Problem requirements —
All that is wanted is an exact copy of the line containing "Paul Rubens Metallic" and the lines after it, through the end of the records.

[Start of Attachment]

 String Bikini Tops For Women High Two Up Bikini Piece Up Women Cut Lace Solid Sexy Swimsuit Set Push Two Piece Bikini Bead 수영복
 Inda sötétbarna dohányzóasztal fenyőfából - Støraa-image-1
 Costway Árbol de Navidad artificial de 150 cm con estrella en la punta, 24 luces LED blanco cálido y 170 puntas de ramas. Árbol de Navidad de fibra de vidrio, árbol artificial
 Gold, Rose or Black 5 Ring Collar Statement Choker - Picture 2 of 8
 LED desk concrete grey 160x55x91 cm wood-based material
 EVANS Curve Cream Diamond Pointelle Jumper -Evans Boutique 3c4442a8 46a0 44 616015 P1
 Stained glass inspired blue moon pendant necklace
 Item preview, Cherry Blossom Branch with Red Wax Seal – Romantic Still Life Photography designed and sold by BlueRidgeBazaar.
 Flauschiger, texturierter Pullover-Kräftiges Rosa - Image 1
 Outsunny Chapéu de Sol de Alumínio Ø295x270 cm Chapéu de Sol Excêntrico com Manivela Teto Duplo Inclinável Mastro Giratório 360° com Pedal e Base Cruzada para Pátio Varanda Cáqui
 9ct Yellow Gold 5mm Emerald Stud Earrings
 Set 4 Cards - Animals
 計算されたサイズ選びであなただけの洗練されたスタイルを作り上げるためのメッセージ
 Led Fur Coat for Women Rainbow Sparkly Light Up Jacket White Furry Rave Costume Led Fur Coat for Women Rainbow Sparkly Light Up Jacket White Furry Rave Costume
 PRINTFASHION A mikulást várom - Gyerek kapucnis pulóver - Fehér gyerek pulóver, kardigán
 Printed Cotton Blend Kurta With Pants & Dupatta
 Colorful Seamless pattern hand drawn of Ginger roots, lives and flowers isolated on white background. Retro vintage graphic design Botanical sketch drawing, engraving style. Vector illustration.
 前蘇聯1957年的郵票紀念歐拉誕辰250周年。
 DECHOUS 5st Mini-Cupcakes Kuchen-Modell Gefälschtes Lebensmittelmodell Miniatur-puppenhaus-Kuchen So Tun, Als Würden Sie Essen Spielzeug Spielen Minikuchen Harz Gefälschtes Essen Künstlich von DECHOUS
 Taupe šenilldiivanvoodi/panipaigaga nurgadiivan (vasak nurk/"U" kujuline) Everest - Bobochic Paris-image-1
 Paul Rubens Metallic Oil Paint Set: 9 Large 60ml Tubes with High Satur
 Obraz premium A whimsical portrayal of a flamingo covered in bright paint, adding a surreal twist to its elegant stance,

[End of Attachment]

Written answer —
 Paul Rubens Metallic Oil Paint Set: 9 Large 60ml Tubes with High Satur
 Obraz premium A whimsical portrayal of a flamingo covered in bright paint, adding a surreal twist to its elegant stance,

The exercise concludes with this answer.